The police released surveillance images last week showing the thief in the checkered shirt.

“There was a security guard standing right there,” the gallery’s owner, Adam Lindemann, said at the time, “so how you don’t see a young, sweaty guy with a shopping bag I don’t understand.”

He also wondered, “What do you do with a stolen drawing by Dalí?”

Ms. Harris said Friday that the answer to that question apparently turned out to be, not much. Typically, she said, art thieves cannot sell stolen paintings “because they’re hot.” She said there had been no arrests in the case.

She said the gallery received an e-mail earlier in the week that said the drawing, “Cartel de Don Juan Tenorio,” had been sent back. The e-mail included an Express Mail tracking number. She said the gallery had told the police, and detectives had contacted the inspection service, which retrieved the package at the airport.

The return of the drawing was reported online by The New York Post on Friday afternoon.

A woman who answered the telephone at Venus Over Manhattan said the gallery would not comment.

Mr. Lindemann, an art collector and writer who said last week that the gallery was cooperating with the police, did not return calls to his home telephone on Friday night.

NEW YORK, June 29 (Reuters) - A Salvador Dali painting stolen last week from a New York City gallery was mailed back in pristine condition, police said on Friday.

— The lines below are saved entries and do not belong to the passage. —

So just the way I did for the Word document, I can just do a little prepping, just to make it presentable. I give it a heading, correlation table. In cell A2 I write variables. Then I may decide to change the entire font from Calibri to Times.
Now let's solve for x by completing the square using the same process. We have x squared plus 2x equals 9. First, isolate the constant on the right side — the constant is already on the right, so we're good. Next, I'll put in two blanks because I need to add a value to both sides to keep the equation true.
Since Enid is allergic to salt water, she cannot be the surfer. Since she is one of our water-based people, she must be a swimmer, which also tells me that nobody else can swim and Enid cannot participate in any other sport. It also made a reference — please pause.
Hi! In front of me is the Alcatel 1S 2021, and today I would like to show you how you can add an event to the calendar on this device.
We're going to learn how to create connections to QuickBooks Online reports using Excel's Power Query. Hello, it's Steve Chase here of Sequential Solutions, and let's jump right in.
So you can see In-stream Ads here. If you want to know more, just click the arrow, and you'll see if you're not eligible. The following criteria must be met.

Glimmers of hope had been raised earlier this week when the gallery received a brief email message by an unknown person, saying the 1949 ink and watercolor "Cartel de Don Juan Tenirio" is "on its way back to you already," police said.

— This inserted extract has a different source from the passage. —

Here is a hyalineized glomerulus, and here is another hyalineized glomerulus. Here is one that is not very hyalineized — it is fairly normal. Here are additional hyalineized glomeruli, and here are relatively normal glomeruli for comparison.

The package was mailed from a location in Europe, and bore a phony sender name and address, according to Deputy New York Police Commissioner John McCarthy.

A spokesman for the gallery, which opened just this year on Manhattan's fashionable Upper East Side, declined to comment.

A second police source speculated that publicity surrounding the theft had complicated efforts to sell the painting on the black market.

Police detectives, including the department's in-house art expert, Detective Mark K. Fishstein, took possession of the painting from postal inspectors at John F. Kennedy International Airport when it arrived in New York on Thursday.

It was returned on Friday to the gallery, where it is being authenticated, McCarthy said.

Last week, a man visiting the gallery removed the painting from a gallery wall, placed it in a shopping bag, and walked out of the building.

Fishstein, the Brooklyn-born son of two antiques dealers, became the department's "art cop" in 2003 after he caught the attention of his superiors as a young patrol officer, McCarthy said.

Fishstein had been called to the apartment of an Upper East Side woman who had been found dead. His sergeant had just finished an inventory of the apartment's valuables when Fishstein suggested police secure the painting on the wall.

"Why?" his sergeant asked.

"It's an original Picasso," Fishstein replied.

In 2008, Fishstein arrested a couple who had stolen a $100,000 Andy Warhol print of Chinese communist leader Mao Zedong from a frame store.

Art Hostage Comments:

Publicity stunt which will be exposed shortly.

However, shows the power of the media in reporting art crime can make these types of "Headache" art thefts counter-productive to criminal enterprise.